After Olson complained, describing the experience as a "mind rape", team owner Victor Kiam allegedly described her as a "classic bitch." (He later apologized in a newspaper ad, while denying using crude language. Later he admitted to calling her a "classy bitch.") Later, on February 4, 1991, at a male-only sports banquet in Stamford, Connecticut, Kiam told the attendees a crude joke about the incident. Referring to the United States military's use of Patriot missiles during the then-ongoing Gulf War, Kiam said to the audience: "What do the Iraqis have in common with Lisa Olson? They've both seen Patriot missiles up close." After criticism, Kiam apologized for the joke two days after he had told it.

Eventually, NFL Commissioner Paul Tagliabue ordered an investigation under the aegis of former Watergate scandal prosecutor Philip Heymann; the 60-page report concluded that Olson was "degraded and humiliated." Mowatt was fined $12,500, the other two players $5,000, and the team itself $50,000, since no management had intervened at the time or immediately following. Half the cost of the team's fine was to defray instructional materials the league could send to all teams and players, and Tagliabue wrote a letter to Kiam expressing his belief that the incident had "damaged" the league. The general manager of the team was fired.
In an interview on the March 11, 2011 edition of Bill Simmons' podcast, "The B.S. Report", Jackie MacMullan reported that the fines were never actually collected from the players.

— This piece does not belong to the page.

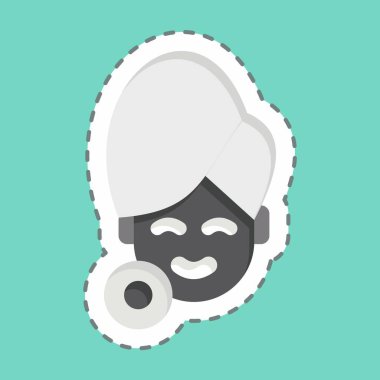 Çıkartma çizgisi Fotoğraf Gençleştirme 'yi kesti. Kozmetoloji sembolüyle ilgili. düzenlenebilir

After the incident became public, Olson was subjected to harassment by fans of the Patriots. Her tires were slashed, she received hate mail and death threats, and her apartment was burglarized. The Herald's then owner, News Corporation, offered to transfer her to Sydney, Australia, where she worked for The Daily Telegraph and the Sydney Morning Herald.

On April 25, 1991, Olson filed a lawsuit in Massachusetts state court against the Patriots, Kiam, Sullivan, Oldham, and the three players (Mowatt, Timpson, and Perryman), alleging violations of her civil rights, sexual harassment, intentional infliction of emotional distress, and intentional damage to her professional reputation. On February 24, 1992, her attorney said that Olson had settled the lawsuit on undisclosed terms.

==Return to the United States==
In 1998, Olson returned to the United States to be with her gravely ill father and took a position with the New York Daily News.

Later that year, Olson and Sam Marchiano were reportedly subjected to a profanity-laced verbal tirade by New York Yankees pitcher David Wells when they approached him at his home to comment on his sudden trade to the Toronto Blue Jays for Roger Clemens. David Cone, Wells's teammate, gave Olson and Marchiano Wells's address. Olson later wrote a column apologizing to Wells for coming to his house during what was such an emotional time.

Olson worked as a sports columnist for the Daily News for ten years. She later was a columnist for the FanHouse sports website, and then a columnist for Sporting News. As of 2013, she was working as a freelance writer.

She won numerous writing awards during her time with the Daily News, including "Best Sports Reporting" by the Society of Professional Journalists. She is a frequent guest speaker at schools and colleges, and active in public schools' mentoring program for girls who hope to study journalism.

In 2011, Northern Arizona University's School of Communication awarded Olson its Eunson Alumni Achievement Award.

In 2013, the Association for Women in Sports Media, at its 25th convention, awarded Olson its Mary Garber Pioneer Award.

==Popular culture==
In 2013, Olson's incident with the Patriots was addressed in the documentary Let Them Wear Towels, part of ESPN Films' Nine for IX series that commemorated the 40th anniversary of the enactment of Title IX. The documentary was about female sportswriters' struggles to gain access to male locker rooms in order to be able to do their jobs. Archival footage of Olson was used in the film, but Olson herself declined to participate in it.

Olson's ordeal was mentioned (although without her name, referring to her only as "a Boston Globe reporter") in the Sports Night Season One episode "Mary Pat Shelby," in which Natalie Hurley was assaulted in a locker room by football star Christian Patrick.